(WHAT YOU HAVE TO DO) Search the records below for the string "Negro", and report each line that contains it.

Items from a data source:
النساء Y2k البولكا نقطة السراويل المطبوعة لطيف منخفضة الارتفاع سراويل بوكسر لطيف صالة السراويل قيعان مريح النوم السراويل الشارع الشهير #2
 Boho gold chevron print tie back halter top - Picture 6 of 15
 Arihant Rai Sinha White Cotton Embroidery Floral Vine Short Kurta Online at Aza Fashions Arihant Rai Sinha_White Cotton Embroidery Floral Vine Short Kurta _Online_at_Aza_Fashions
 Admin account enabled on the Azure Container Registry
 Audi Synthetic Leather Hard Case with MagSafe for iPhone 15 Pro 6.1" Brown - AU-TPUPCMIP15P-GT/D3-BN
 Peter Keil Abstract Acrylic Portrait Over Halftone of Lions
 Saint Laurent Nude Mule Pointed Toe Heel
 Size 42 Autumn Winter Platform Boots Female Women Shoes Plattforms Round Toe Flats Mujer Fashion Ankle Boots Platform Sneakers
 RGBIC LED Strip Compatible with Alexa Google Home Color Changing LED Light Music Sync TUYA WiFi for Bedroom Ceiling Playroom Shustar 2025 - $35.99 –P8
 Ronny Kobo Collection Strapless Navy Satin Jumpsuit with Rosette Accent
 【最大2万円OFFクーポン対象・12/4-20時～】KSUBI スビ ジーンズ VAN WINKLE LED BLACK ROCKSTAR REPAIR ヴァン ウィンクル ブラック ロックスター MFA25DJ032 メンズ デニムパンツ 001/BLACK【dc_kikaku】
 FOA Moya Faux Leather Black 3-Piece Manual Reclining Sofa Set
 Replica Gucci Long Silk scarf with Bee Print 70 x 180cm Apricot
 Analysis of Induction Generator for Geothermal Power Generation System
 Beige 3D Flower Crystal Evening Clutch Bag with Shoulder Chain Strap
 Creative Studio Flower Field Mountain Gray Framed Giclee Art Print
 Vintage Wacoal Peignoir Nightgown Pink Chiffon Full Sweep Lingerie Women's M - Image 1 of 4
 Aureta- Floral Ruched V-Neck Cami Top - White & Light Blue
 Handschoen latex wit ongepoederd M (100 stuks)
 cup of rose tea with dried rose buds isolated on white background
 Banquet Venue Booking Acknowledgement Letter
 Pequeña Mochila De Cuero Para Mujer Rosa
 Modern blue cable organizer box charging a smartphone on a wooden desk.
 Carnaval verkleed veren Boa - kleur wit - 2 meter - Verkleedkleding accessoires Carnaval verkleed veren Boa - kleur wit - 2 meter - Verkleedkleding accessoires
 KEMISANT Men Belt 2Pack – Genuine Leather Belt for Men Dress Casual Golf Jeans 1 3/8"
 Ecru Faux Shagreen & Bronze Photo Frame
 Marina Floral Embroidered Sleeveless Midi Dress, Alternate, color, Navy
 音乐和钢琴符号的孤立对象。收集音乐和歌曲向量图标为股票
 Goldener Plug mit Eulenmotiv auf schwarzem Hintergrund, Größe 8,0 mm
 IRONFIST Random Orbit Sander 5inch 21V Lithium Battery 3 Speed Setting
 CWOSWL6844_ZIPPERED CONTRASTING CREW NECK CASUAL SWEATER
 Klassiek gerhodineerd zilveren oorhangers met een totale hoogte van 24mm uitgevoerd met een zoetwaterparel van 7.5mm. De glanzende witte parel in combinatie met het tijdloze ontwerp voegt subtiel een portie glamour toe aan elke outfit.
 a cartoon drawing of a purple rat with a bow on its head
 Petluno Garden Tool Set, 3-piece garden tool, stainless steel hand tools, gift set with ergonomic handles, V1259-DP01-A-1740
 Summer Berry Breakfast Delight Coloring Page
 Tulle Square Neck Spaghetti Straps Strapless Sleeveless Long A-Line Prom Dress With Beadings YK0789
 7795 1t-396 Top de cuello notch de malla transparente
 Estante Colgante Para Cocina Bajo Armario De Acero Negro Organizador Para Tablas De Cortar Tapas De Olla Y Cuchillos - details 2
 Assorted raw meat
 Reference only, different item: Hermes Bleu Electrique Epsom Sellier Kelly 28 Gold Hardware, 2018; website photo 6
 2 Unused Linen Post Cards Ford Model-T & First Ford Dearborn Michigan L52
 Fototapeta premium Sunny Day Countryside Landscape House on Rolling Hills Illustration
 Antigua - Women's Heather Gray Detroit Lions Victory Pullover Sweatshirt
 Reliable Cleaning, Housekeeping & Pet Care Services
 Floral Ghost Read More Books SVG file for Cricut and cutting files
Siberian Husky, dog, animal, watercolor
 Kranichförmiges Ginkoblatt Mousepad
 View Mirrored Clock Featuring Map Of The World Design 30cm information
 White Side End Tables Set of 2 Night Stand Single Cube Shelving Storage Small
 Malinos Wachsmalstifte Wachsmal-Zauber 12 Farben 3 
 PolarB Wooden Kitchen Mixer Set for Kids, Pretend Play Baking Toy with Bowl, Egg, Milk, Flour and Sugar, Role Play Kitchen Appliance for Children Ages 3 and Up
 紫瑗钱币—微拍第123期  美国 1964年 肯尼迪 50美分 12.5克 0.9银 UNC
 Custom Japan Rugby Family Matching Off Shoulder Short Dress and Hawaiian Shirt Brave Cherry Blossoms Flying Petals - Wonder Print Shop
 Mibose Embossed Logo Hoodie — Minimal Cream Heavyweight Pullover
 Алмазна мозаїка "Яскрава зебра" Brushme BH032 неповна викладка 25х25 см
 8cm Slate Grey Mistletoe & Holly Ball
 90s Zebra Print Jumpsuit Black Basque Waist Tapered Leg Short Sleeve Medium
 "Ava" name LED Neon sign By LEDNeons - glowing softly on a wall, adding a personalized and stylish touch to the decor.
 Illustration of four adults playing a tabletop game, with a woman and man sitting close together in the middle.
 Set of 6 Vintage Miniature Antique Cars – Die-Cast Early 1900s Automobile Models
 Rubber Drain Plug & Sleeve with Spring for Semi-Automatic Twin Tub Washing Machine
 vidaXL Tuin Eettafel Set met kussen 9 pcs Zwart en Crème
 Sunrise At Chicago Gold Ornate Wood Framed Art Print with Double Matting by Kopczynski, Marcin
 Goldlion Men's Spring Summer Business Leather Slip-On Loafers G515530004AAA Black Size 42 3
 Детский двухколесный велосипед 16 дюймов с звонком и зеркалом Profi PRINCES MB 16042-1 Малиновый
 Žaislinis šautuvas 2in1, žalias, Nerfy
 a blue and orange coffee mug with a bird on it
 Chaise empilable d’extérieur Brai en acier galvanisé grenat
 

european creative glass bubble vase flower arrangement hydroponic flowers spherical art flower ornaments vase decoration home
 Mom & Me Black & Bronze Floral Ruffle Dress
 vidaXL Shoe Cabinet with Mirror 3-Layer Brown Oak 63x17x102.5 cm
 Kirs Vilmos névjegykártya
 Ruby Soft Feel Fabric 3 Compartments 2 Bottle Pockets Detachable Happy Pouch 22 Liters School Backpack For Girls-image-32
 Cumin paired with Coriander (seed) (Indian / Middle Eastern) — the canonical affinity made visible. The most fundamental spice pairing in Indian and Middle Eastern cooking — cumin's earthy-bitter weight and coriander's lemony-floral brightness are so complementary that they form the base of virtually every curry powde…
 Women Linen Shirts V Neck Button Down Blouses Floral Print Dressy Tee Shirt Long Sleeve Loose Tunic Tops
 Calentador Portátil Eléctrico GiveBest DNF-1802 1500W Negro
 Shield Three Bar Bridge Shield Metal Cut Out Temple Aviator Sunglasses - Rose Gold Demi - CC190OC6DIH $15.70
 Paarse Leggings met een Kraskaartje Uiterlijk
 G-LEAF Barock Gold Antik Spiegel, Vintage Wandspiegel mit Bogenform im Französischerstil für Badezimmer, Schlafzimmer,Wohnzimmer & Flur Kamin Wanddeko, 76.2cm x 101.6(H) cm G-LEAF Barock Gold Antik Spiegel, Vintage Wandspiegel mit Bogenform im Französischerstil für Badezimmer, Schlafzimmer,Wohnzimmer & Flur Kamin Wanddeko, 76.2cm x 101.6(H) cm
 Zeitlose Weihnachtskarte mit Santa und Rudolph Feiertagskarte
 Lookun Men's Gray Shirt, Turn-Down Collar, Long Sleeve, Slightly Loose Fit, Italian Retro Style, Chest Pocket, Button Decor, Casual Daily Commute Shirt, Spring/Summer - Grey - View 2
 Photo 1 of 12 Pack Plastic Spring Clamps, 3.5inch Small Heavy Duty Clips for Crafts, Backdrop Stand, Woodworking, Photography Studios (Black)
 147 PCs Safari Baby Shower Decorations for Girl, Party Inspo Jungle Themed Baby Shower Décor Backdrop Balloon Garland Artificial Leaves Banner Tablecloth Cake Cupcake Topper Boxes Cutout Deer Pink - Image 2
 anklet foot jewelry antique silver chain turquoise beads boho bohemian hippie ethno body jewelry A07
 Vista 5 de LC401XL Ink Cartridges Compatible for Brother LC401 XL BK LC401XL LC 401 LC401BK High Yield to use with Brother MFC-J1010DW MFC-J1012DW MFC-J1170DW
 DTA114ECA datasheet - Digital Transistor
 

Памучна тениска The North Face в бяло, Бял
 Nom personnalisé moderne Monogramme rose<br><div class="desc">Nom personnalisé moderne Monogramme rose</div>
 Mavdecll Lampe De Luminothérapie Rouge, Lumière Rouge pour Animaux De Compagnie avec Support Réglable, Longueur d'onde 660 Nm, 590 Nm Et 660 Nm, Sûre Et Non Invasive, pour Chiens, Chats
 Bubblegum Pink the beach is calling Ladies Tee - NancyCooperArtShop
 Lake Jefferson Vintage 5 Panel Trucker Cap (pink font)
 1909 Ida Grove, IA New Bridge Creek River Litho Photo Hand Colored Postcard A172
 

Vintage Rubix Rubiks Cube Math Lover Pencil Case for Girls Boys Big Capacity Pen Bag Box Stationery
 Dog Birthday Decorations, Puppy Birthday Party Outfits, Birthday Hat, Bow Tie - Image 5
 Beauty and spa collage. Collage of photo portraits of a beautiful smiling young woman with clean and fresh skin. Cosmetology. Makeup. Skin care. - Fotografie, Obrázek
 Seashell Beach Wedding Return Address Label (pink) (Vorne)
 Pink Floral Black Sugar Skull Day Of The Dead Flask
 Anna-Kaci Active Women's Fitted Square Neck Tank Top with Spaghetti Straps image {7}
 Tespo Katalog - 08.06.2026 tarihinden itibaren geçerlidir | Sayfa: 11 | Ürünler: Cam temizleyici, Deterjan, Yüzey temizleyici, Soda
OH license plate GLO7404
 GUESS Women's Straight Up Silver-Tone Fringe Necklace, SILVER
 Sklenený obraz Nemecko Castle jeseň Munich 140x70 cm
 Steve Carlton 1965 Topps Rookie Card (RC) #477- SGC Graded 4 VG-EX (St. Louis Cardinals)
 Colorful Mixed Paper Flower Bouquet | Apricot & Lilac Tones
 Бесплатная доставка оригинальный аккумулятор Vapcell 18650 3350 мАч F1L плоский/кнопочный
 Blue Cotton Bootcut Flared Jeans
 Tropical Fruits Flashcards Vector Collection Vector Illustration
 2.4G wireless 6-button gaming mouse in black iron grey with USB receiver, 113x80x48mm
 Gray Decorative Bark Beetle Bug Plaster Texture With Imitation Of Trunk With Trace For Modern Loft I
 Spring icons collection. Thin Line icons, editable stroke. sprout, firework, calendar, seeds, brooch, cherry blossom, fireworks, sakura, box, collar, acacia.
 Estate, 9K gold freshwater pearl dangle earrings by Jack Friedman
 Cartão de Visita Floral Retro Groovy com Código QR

(RESPONSE)
 Estante Colgante Para Cocina Bajo Armario De Acero Negro Organizador Para Tablas De Cortar Tapas De Olla Y Cuchillos - details 2
 Calentador Portátil Eléctrico GiveBest DNF-1802 1500W Negro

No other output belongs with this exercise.